Warren, who announced on New Year’s Eve that she is forming an exploratory committee for a White House bid, addressed questions about the test during a stop in Sioux City.
“I’m glad you asked that question. I genuinely am,” she told an attendee at a town hall who asked about the test’s results. “I’m not a person of color.”
The same news report states that Warren “has previously identified as Native American, according to reports.”
A 16 September 2012 news report by the Boston Globe states, “Warren acknowledged that she had identified herself as a minority in a legal directory for nearly a decade . . .”
A 17 May 2012 news report by the Boston Herald says the following:
Elizabeth Warren was touting her claim of Cherokee heritage as early as 1984, according to a cookbook titled “Pow Wow Chow” edited by her cousin that includes Warren’s recipes for a savory crab omelet and spicy barbecued beans.
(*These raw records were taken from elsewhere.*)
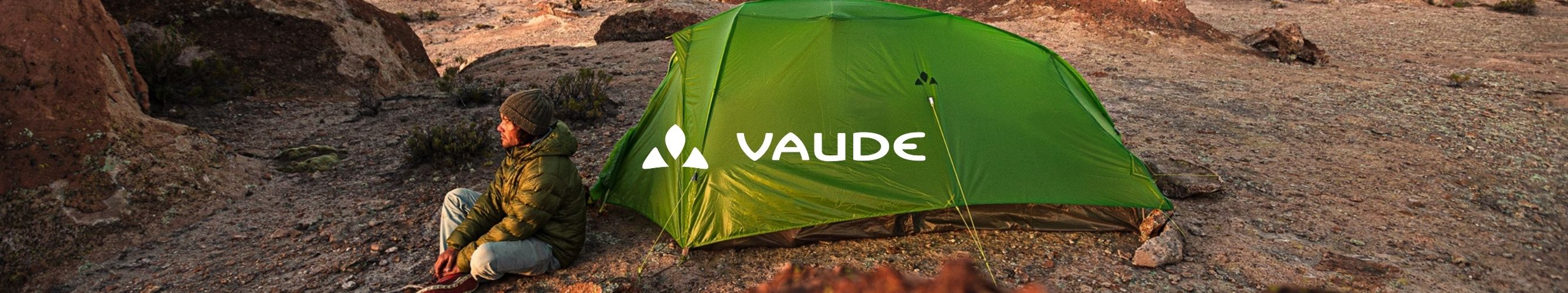 groene vaude tent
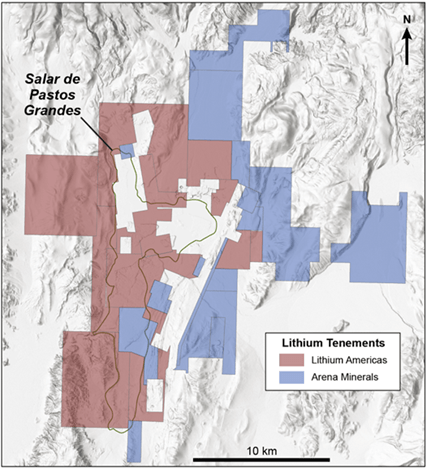 Lithium Americas: My Favorite Stock For 2023 (NYSE:LAC) | Seeking Alpha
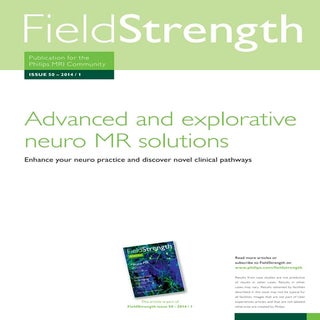 FieldStrength 50 advanced neuro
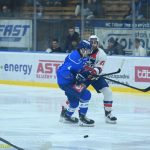 VIDEO: Střelecká převaha nebyla nic platná. Kohouti padli doma s Třebíčí a spadli na 10. místo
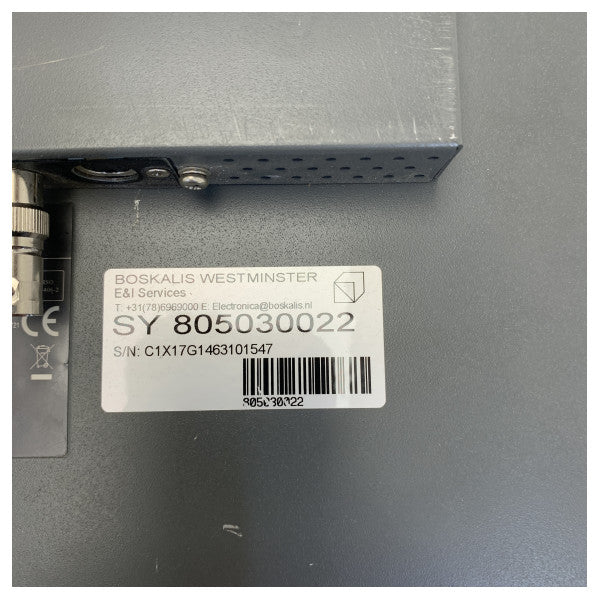 USED Neovo X-17A 17-Inch Marine Touchscreen Display Monitor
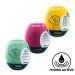Satisfyer Masturbator Eggs 3-delig - Pack 2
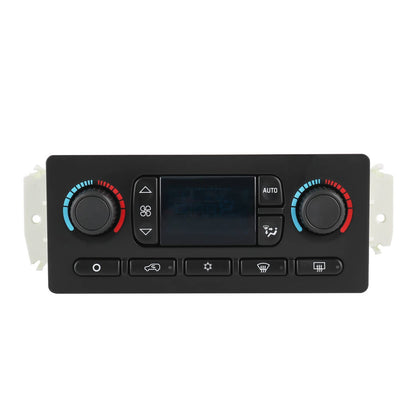 Solidspare Improved 599-211XD Climate Control Module For Chevy GMC Silverado Tahoe Trail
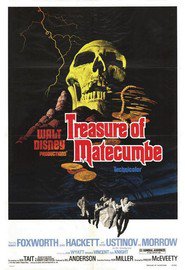 Treasure of Matecumbe is the best movie in Johnny Doran filmography.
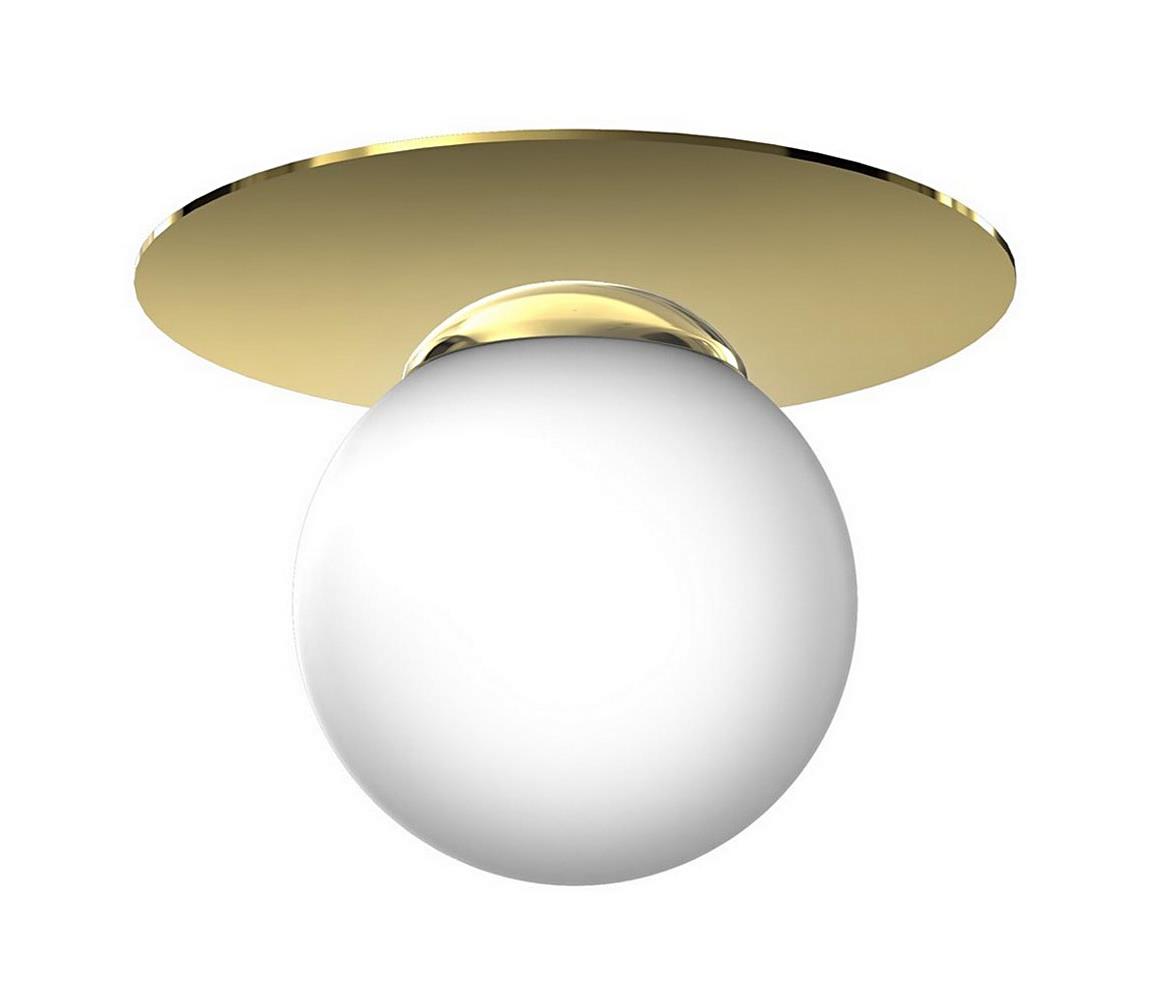 Lampa sufitowa PLATO 1xE14/40W/230V d. 22 cm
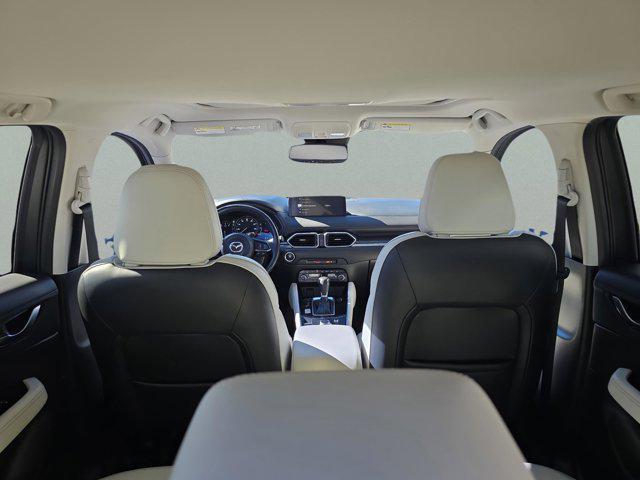 used 2021 Mazda CX-5 car, priced at $26,230
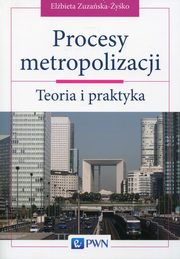 Procesy metropolizacji, Zuzaska- Zyko Elbieta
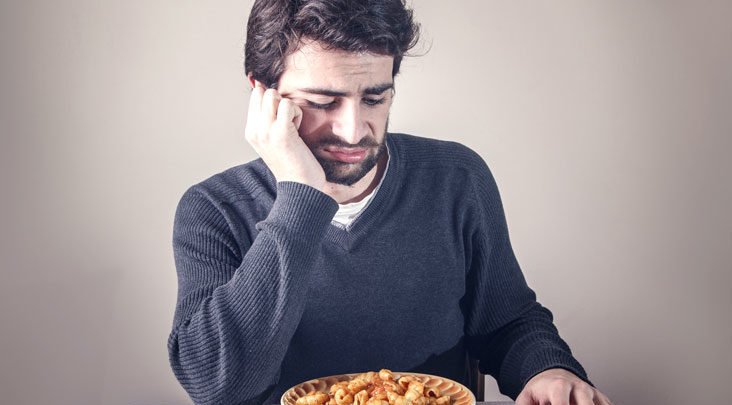 ا هي اسباب فقدان الشهية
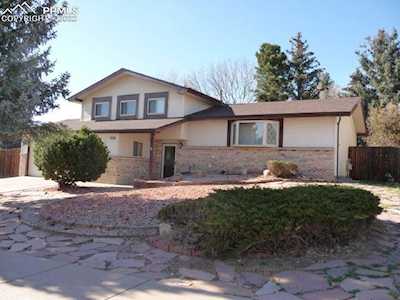 6430 Pawnee Circle Colorado Springs, CO 80915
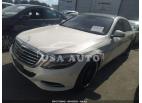 MERCEDES-BENZ S-CLASS S 550 2014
The cookbook, edited by Warren’s cousin Candy Rowsey, is a compilation of “special recipes passed down through the Five Tribes families,” according to the introduction in a copy obtained by the Herald.
Warren, who has been under fire for claiming Indian lineage despite a lack of documentation, is identified as “Elizabeth Warren, Cherokee” under each of five recipes she contributes in the cookbook, published in 1984 by the Five Civilized Tribes Museum located in Muskogee.
If Native Americans are people of color, and if Warren now says that she isn’t a person of color, then she lied when she previously claimed to be Cherokee.
This issue isn’t a partisan issue. Even Democrats should be able to tell that Warren lied previously.
If one doesn’t have an ancestor who obtained a Dawes Commission roll number, then one cannot legitimately identify one’s self as Cherokee no matter what is in the folklore of one’s family. That much is taught in Oklahoma’s public schools.
Yet, Warren identified herself as Cherokee until she entered politics, and she knew that she wasn’t a member of the Cherokee nation.
In a commentary published by the Huffington Post, Cherokee Nation member Rebecca Nagle writes, “She [Warren] has had ample opportunity to make her mistake of falsely claiming to be Cherokee – both as a law professor and, more awkwardly, as a cookbook plagiarist – a minor issue in 2020. Yet her hardheadedness has only worsened the initial offense.”